I have a file which has data separated with different spaces and column names are also having spaces.
Type Dec LookupTable Field Name Field Len Start Pos
NUM 0 _ sample data 5 1
NUM 0 _ sample data 10 6
CHAR 0 _ sample data 60 16
NUM 0 _ sample data 3 76
CHAR 0 _ sample data 60 79
CHAR 0 _ sample data 60 139
CHAR 0 _ sample data 60 199
CHAR 0 _ sample data 60 259
NUM 0 _ sample data 3 319
CHAR 0 _ sample data 60 322
CHAR 0 _ sample data 60 382
NUM 0 _ sample data 3 442
CHAR 0 _ sample data 60 445
I am reading this file like this
df= pd.read_fwf('./temp.txt', colspecs= 'infer')

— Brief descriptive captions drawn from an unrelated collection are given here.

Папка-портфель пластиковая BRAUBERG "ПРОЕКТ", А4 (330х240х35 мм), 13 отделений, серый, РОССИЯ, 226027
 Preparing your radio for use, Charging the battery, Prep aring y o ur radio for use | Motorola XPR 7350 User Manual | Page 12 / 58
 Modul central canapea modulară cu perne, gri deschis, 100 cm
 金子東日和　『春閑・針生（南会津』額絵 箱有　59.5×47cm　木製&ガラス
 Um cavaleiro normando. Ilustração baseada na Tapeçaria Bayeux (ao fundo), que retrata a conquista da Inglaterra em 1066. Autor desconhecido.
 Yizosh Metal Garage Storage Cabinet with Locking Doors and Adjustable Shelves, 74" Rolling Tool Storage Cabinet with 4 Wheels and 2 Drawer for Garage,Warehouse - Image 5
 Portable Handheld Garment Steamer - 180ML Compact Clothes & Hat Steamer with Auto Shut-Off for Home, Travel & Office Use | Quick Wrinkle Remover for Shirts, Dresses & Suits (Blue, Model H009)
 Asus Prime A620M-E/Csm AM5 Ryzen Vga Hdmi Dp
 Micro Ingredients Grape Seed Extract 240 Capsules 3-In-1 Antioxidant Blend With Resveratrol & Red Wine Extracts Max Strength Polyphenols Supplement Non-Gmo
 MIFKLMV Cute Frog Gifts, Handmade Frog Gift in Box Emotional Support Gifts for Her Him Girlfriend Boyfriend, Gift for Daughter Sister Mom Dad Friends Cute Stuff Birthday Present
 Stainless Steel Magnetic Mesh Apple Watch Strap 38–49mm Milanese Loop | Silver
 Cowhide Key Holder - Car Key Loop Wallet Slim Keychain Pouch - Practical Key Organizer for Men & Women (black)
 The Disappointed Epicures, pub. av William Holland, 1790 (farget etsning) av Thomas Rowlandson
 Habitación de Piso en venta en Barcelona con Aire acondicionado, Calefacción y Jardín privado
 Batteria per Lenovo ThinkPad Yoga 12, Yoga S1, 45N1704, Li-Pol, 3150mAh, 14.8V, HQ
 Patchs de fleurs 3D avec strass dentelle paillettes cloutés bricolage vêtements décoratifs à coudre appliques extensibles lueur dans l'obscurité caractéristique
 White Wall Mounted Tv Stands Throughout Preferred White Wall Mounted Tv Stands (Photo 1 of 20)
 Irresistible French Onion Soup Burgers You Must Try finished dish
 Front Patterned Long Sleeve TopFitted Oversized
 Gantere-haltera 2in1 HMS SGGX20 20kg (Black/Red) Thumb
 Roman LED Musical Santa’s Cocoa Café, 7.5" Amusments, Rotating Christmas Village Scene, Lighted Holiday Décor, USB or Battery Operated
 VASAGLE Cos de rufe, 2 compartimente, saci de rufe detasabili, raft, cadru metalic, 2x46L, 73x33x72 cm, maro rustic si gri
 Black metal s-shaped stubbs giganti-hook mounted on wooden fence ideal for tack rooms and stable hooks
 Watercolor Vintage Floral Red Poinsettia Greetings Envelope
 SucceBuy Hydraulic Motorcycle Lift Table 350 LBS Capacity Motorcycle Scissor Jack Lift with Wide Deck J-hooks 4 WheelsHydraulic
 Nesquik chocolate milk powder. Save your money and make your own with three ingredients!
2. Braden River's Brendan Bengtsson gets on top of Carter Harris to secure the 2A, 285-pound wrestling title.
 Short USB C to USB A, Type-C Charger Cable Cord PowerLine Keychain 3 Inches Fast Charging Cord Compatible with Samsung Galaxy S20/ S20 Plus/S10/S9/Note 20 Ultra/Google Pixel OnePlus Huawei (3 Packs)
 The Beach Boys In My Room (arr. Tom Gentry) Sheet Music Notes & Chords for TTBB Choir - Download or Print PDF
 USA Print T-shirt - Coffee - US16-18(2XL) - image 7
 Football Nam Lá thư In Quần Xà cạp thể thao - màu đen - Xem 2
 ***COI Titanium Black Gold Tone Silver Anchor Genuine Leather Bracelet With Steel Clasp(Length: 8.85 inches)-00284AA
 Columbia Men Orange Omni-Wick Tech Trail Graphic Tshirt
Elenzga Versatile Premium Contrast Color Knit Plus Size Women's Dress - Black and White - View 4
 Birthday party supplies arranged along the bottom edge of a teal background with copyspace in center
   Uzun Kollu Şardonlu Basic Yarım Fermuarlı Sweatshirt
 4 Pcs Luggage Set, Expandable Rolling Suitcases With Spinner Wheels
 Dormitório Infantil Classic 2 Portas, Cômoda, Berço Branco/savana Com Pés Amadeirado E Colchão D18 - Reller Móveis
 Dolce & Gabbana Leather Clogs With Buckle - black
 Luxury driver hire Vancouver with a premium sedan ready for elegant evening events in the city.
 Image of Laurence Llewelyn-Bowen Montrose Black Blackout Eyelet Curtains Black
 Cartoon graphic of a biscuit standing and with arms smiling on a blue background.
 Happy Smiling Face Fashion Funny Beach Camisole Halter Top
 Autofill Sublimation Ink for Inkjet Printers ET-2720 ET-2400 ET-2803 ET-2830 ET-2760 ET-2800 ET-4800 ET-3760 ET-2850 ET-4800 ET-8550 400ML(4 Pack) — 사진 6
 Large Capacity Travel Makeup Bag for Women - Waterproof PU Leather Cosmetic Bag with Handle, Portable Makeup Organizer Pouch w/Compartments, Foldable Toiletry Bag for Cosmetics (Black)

and getting the dataframe with columns which are separated by spaces nan values
I want to drop the Nan columns and replace its previous columns name with the empty one. How can we achieve this in an efficient way?
CodePudding user response:
I read the data from clipboard, so my DataFrame looks a little bit different than yours, that also means, you have to adjust the code, which shouldn't be a big deal
df.drop(columns=['Start', 'Pos']).rename(columns={'Name': 'Superman', 'Type':
'Mytype'}) # Very clear code, I think it doesn't need any explanation
df.dropna(axis=1,how='all').rename(columns={'Name': 'Superman', 'Type': 'Mytype'}) # the second way df.dropna(axis=1,how='all') means that it drops all columns with nans, but only if all of the values are nans.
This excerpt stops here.